Though always my favorite of the singer songwriters, it’s funny to see what a challenge she proved to photographers who almost invariably failed to capture her intensity. It’s a shame, really, because in the days before video and online performances, photographs and vinyl were the only way most people ever got to experience a musician. Good photographs could make a legend, to this day we tend to recognize the artists who photographed well. Buffy Sainte-Marie was perhaps a bit beyond what photographers could see then, not that you could blame them, publicity and stereotypes were all about wind blown hippies or Joan Baez, and Buffy was neither. Still, photographer Waring Abbot caught a glimpse of something here on a spring night in New York City in 1974.

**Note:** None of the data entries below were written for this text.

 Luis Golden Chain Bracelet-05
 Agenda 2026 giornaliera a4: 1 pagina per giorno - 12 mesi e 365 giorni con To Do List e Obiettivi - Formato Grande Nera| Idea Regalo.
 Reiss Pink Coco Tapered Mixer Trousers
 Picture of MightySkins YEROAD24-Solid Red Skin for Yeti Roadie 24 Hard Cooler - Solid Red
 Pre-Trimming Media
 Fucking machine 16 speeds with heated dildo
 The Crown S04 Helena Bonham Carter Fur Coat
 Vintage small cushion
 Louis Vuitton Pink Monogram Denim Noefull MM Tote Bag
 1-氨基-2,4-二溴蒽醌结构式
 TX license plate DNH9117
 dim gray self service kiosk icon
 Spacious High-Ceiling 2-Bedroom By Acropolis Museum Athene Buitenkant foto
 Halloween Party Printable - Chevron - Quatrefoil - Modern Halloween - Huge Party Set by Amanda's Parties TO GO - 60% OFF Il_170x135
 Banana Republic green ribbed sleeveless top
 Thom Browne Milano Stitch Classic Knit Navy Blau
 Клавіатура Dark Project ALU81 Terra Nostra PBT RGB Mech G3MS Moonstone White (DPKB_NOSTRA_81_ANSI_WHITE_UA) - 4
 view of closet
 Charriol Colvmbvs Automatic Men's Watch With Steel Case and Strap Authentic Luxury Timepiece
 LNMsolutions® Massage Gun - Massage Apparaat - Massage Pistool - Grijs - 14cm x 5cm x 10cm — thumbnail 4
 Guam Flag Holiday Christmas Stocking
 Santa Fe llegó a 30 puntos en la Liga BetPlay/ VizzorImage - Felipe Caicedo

Never have understood why this album stubbornly resists a revival. I suppose it’s not pretty enough, and too edgy, and her American Indian vibrato bothers people. I can’t think of a single other folk album that has anywhere near this kind of ferocity. Uncompromising. It won’t make you feel any better about yourself. It might even make you feel just plain lousy. Now That The Buffalo’s Gone is not aimed at the Man, it’s aimed at everyone who’s not a tribal member. Even you there with the feathers and the Cherokee great great grandmother. That song is aimed right at you. As such, it’s gospel among American Indians. They all came up on this record. We have Dylan or whoever. They have this. Somewhere I have a YouTube video of a seventy-something Buffy Sainte-Marie performing Cod’ine in a casino on a reservation deep in the American northwest. The room is packed with tribals and hippies, and her performance is bone chilling and as the last quavering note fades the air is rent by war cries and ululations.